Exercise details
From the data that follows, set down exactly the lines from the one with "Kampa Hayling 6 tunneltent, Ophalen" through the one with "Plataforma 5EEBET destaca", counting both. Pictures stay out.

Information provided

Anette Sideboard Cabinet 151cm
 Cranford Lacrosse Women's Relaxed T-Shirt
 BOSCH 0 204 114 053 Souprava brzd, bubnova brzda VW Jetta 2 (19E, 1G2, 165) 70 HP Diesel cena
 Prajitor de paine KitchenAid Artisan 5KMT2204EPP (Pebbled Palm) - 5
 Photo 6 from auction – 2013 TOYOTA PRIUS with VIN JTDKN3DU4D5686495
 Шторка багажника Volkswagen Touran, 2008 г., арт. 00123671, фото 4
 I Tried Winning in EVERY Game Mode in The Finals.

---

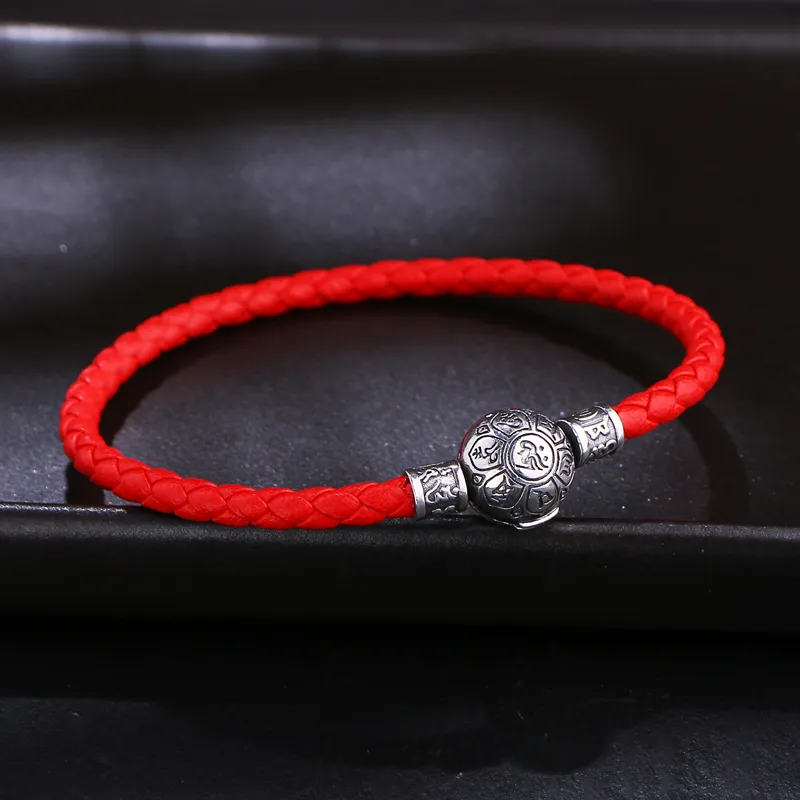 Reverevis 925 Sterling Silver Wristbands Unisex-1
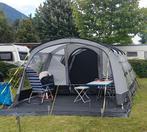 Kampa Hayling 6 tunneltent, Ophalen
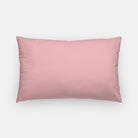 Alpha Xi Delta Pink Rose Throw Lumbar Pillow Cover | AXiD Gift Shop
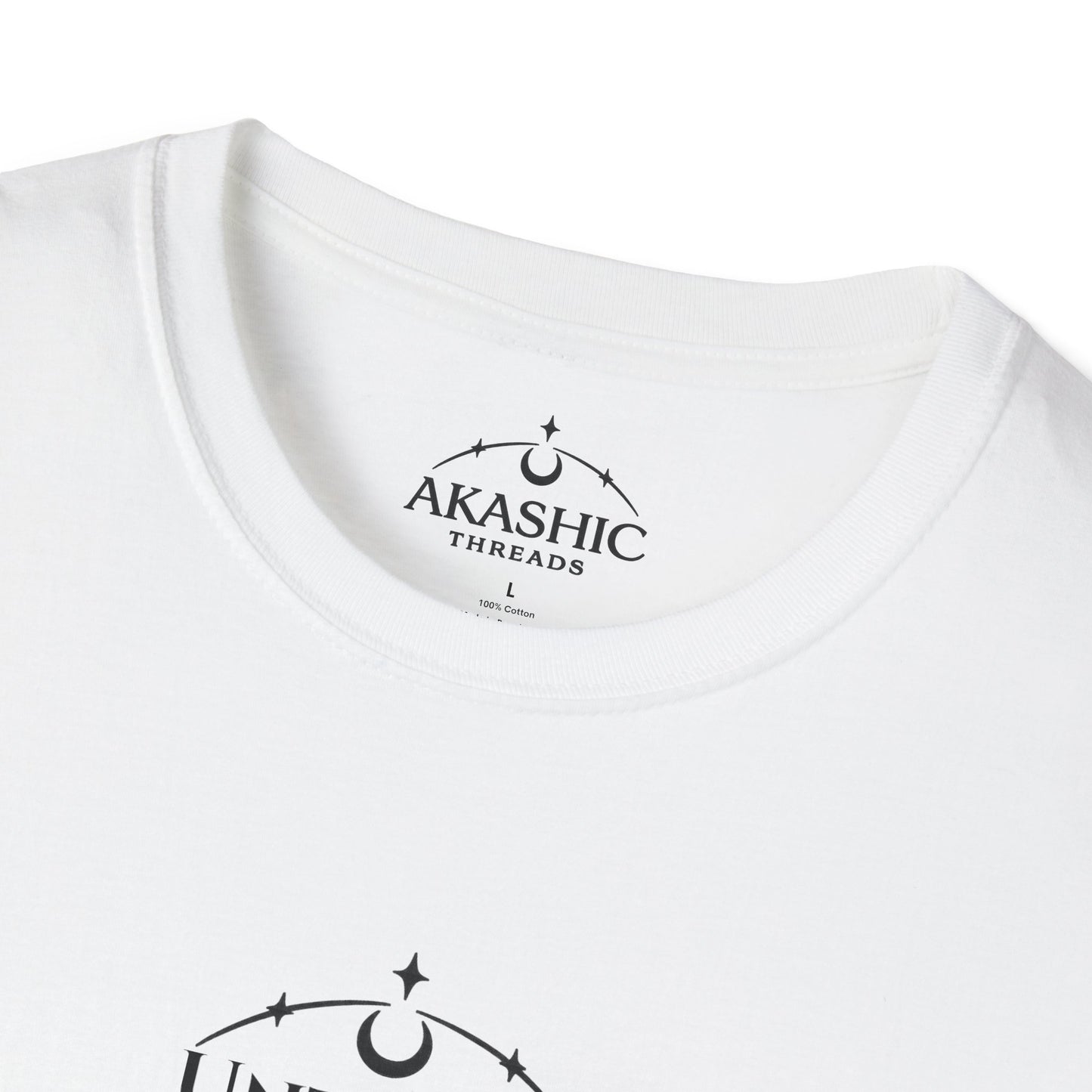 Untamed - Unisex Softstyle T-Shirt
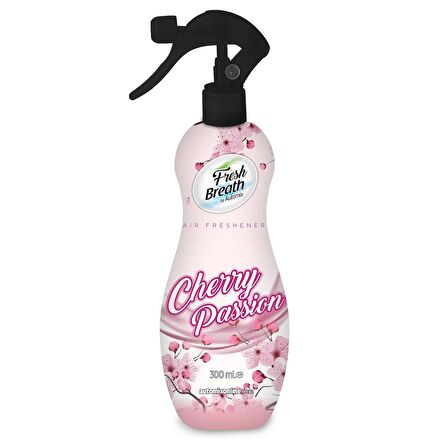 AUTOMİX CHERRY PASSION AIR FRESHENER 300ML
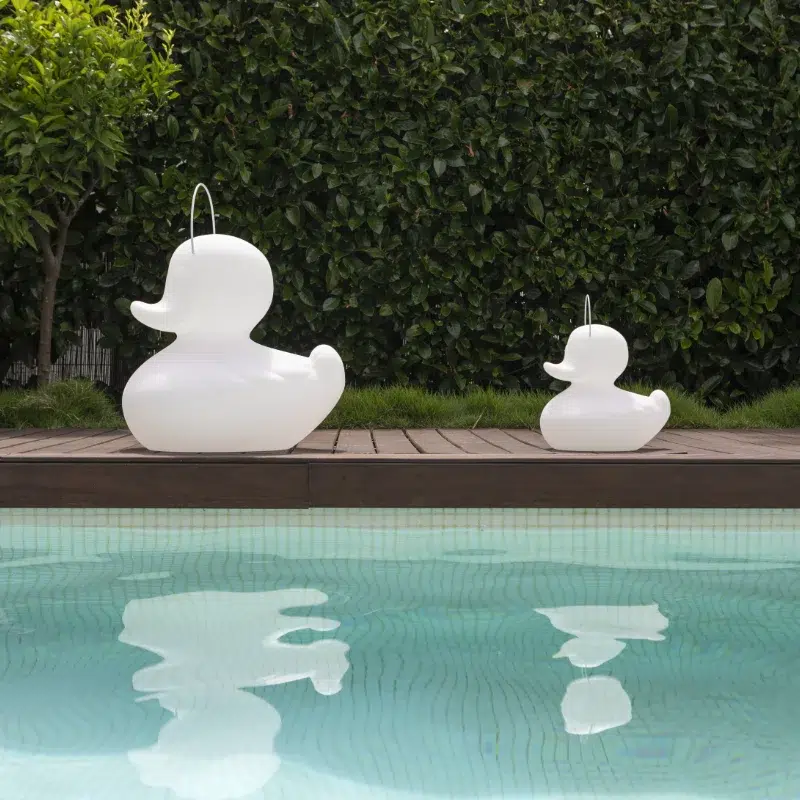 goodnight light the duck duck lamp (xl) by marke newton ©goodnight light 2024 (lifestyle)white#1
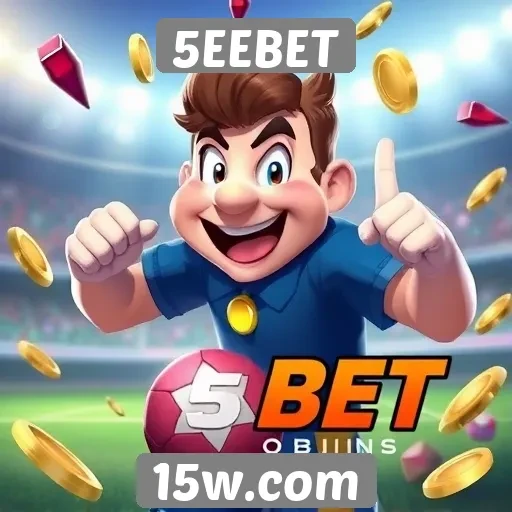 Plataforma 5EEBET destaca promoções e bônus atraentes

* * *

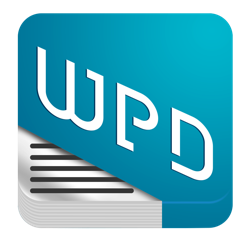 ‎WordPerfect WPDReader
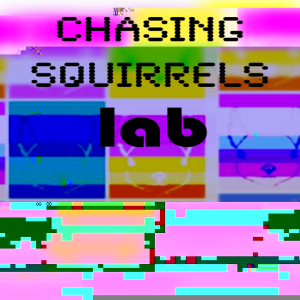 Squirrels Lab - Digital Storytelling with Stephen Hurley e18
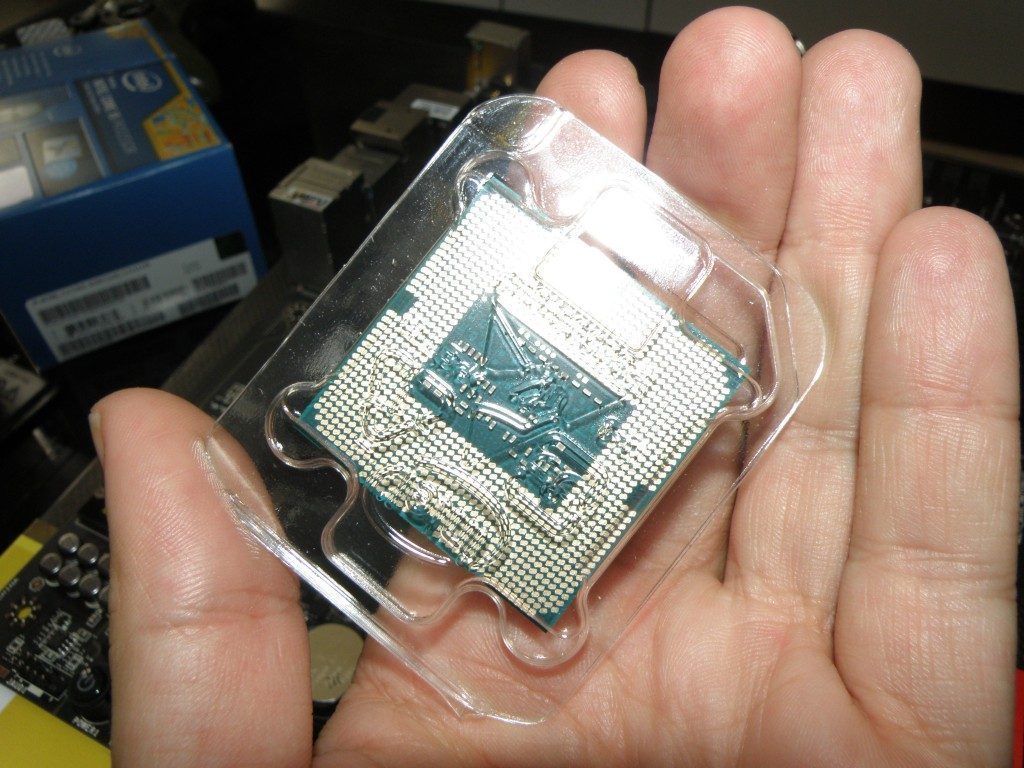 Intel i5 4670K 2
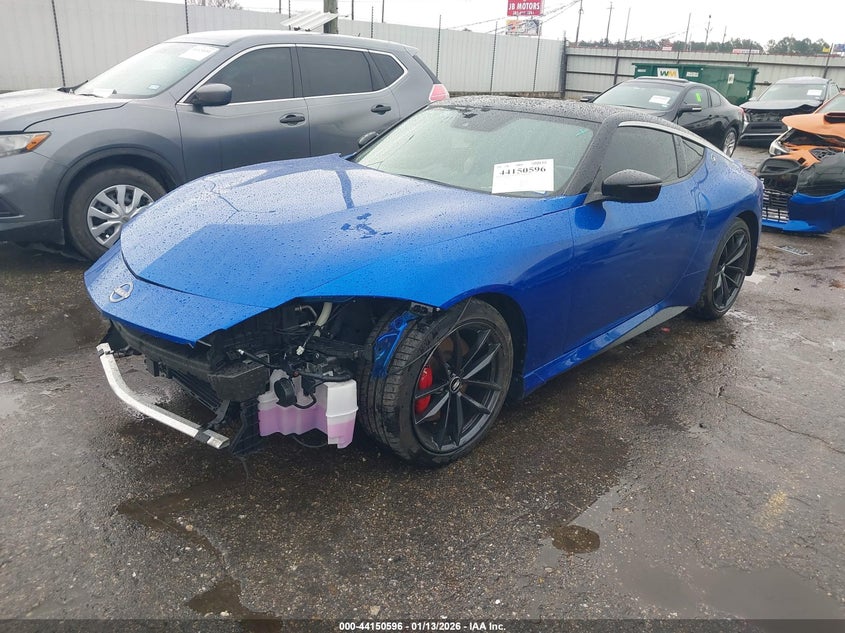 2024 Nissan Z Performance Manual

The answer
 Kampa Hayling 6 tunneltent, Ophalen
 Alpha Xi Delta Pink Rose Throw Lumbar Pillow Cover | AXiD Gift Shop
 Untamed - Unisex Softstyle T-Shirt
 AUTOMİX CHERRY PASSION AIR FRESHENER 300ML
 goodnight light the duck duck lamp (xl) by marke newton ©goodnight light 2024 (lifestyle)white#1
 Plataforma 5EEBET destaca promoções e bônus atraentes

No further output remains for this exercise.